MORE ON THE WRITING OF BAPTISTS, BIBLES, BOURBON, BARN.
From Cave-in Rock, Illinois, where pirates once played havoc with shipping along the Ohio River, one can look across to the rivers south bank in Western Kentucky. There, in the early 1830s, Tapley Howerton, the authors greatgreat-grandfather plunked his family on land along Crooked Creek in what was then Livingston (now Crittenden) County. It was a bum decision. He was soon to suffer a tragic and unexpected fate. It had the effect of trapping his descendents in an economic and cultural backwater, dominated by religious fundamentalists, for several generations.
Almost one hundred years later, Allan Wilford Howerton, Tapleys great-great-grandson, was born on a tenant farm not far away in the Tradewater River bottoms of Crittenden County.
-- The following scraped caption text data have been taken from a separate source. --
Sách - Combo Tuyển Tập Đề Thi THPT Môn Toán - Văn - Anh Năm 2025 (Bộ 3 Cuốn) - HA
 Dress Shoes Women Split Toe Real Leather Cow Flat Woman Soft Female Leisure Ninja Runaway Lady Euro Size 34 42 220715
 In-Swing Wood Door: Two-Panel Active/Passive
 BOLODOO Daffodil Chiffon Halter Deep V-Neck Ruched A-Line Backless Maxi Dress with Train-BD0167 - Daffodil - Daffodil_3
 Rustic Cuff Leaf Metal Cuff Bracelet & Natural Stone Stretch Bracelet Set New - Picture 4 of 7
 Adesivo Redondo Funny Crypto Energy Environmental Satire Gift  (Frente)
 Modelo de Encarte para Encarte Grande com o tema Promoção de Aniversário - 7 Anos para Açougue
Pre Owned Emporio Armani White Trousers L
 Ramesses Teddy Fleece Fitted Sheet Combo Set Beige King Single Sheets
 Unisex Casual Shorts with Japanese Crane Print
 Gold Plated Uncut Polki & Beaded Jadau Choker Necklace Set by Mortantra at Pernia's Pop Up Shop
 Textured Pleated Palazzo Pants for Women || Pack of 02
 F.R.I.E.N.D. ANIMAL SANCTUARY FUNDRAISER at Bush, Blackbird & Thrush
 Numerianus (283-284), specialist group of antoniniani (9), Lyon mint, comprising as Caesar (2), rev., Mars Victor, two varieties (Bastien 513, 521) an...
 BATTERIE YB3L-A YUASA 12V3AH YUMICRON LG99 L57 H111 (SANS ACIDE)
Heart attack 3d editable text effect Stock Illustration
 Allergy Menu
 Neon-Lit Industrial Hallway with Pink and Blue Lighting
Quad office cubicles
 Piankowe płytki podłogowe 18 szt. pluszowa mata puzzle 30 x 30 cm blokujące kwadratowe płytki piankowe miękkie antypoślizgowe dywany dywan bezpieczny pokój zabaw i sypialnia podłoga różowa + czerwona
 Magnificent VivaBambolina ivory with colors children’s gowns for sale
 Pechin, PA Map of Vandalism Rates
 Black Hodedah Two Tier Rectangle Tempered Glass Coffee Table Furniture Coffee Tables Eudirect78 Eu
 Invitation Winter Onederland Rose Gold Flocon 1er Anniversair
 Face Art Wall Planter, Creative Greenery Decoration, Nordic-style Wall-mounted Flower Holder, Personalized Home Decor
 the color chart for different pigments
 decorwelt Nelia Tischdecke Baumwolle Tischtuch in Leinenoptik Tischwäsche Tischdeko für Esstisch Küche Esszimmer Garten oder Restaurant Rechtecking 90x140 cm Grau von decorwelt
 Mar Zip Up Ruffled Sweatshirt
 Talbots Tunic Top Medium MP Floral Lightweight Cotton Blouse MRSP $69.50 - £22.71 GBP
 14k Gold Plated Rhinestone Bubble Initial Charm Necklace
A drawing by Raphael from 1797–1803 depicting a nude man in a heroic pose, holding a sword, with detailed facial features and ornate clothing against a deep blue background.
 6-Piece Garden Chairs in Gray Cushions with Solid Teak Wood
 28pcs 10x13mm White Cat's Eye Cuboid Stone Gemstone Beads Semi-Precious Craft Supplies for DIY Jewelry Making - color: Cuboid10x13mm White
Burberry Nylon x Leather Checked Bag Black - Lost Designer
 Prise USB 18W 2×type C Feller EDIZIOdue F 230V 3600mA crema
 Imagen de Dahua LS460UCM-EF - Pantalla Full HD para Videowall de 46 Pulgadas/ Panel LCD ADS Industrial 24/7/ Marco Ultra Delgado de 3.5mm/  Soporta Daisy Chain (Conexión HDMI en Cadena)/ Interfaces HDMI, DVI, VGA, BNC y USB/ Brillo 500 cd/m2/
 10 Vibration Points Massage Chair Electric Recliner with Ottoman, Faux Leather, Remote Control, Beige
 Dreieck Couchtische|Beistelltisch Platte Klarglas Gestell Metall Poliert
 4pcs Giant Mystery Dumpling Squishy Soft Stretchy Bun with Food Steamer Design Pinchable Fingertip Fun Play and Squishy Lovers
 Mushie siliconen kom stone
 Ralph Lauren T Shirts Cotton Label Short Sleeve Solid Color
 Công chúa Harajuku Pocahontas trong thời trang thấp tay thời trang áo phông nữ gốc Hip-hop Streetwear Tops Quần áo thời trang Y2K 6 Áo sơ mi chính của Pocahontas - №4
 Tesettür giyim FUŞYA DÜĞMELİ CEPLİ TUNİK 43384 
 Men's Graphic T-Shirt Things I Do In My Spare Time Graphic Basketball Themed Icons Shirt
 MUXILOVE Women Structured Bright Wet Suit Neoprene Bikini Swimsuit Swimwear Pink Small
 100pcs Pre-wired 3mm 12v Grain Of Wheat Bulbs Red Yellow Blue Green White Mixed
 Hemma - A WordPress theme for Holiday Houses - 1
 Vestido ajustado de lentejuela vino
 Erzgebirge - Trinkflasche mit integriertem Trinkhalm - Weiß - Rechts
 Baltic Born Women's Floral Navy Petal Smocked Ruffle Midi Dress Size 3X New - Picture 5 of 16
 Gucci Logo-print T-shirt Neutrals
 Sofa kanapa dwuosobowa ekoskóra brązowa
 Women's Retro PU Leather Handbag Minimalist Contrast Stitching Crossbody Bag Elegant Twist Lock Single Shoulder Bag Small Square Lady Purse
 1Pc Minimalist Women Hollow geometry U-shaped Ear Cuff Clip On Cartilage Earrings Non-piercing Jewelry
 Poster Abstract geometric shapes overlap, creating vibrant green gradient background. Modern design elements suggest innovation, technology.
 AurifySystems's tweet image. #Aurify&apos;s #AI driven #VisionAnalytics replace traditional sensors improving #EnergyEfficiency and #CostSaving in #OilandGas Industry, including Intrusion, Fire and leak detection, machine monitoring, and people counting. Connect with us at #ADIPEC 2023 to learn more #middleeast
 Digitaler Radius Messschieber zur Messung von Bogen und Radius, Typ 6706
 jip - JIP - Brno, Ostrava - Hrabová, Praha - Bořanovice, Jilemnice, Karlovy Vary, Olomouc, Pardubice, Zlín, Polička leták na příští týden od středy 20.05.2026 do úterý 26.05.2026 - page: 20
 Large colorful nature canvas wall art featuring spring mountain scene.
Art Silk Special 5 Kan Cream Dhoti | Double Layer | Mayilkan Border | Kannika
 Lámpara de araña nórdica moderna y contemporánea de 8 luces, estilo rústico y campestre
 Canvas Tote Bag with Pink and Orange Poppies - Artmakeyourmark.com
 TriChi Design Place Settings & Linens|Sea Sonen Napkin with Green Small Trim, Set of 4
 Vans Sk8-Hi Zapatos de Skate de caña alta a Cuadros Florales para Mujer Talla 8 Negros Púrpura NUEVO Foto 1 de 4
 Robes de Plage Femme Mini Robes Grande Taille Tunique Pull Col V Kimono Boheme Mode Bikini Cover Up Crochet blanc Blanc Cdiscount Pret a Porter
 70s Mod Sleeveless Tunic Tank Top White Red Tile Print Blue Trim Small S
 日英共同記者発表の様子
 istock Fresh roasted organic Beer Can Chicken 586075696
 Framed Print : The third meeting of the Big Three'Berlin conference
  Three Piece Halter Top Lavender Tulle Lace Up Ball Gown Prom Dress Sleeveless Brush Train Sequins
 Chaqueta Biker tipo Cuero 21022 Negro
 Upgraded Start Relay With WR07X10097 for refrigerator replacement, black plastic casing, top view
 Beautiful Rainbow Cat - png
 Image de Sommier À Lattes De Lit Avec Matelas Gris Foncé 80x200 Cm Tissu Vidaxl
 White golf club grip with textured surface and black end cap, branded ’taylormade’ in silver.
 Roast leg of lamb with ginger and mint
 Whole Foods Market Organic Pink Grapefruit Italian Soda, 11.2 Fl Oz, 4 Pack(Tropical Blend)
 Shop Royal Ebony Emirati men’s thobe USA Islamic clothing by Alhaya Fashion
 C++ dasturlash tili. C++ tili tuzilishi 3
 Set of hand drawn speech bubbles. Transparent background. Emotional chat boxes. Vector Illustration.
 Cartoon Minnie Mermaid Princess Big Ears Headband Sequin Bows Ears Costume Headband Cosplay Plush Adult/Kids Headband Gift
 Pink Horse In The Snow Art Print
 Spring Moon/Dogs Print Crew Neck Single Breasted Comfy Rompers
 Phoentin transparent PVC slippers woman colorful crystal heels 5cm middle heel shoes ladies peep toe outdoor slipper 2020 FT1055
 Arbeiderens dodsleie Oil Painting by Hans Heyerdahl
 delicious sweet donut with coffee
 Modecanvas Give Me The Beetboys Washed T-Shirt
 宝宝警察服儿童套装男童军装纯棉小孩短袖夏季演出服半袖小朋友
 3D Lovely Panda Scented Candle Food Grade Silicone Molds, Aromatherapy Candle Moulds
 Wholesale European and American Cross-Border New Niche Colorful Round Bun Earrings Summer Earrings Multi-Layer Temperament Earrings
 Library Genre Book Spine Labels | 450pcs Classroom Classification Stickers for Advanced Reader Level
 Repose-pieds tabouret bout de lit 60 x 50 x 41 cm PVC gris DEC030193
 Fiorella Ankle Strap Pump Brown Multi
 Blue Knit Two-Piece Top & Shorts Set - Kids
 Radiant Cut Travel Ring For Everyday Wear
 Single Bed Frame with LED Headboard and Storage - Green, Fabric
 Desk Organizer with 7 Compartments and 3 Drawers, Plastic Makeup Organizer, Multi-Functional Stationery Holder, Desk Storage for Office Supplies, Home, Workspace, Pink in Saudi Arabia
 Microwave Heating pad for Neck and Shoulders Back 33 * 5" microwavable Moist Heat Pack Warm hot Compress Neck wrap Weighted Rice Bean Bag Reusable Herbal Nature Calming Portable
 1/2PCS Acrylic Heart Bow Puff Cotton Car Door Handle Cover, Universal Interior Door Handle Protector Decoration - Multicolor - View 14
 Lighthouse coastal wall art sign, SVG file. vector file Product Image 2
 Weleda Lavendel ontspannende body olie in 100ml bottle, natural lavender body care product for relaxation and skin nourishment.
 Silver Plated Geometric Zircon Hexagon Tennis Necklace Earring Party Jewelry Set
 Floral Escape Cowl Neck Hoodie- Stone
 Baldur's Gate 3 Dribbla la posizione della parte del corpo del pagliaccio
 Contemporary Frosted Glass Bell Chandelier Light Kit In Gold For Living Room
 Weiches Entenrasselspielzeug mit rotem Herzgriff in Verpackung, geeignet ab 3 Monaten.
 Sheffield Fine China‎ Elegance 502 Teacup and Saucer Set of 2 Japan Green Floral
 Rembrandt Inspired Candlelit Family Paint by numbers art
Not knowing of Tapley until much later in life, he would research his past and produce what eventually became Baptists, Bibles, and Bourbon in the Barn. It is the authors early-life story and a tale of Tapley and his legacy.
Allan Wilford Howerton, a Western Kentucky native, is a World War II infantry veteran and a retired federal civil servant. He is a graduate of the University of Denver (B.A. in international relations,1948; M.A.,1951) He also studied at Drexel University and Shrivenham American University, England. Following retirement, he worked in local politics and was a founder and general manager of a local cable television channel. He writes, Allan says, for the joy of remembering and to put off, as long as possible, the perils of forgetting. He and his wife, Joan, a registered nurse, live in Alexandria, Virginia.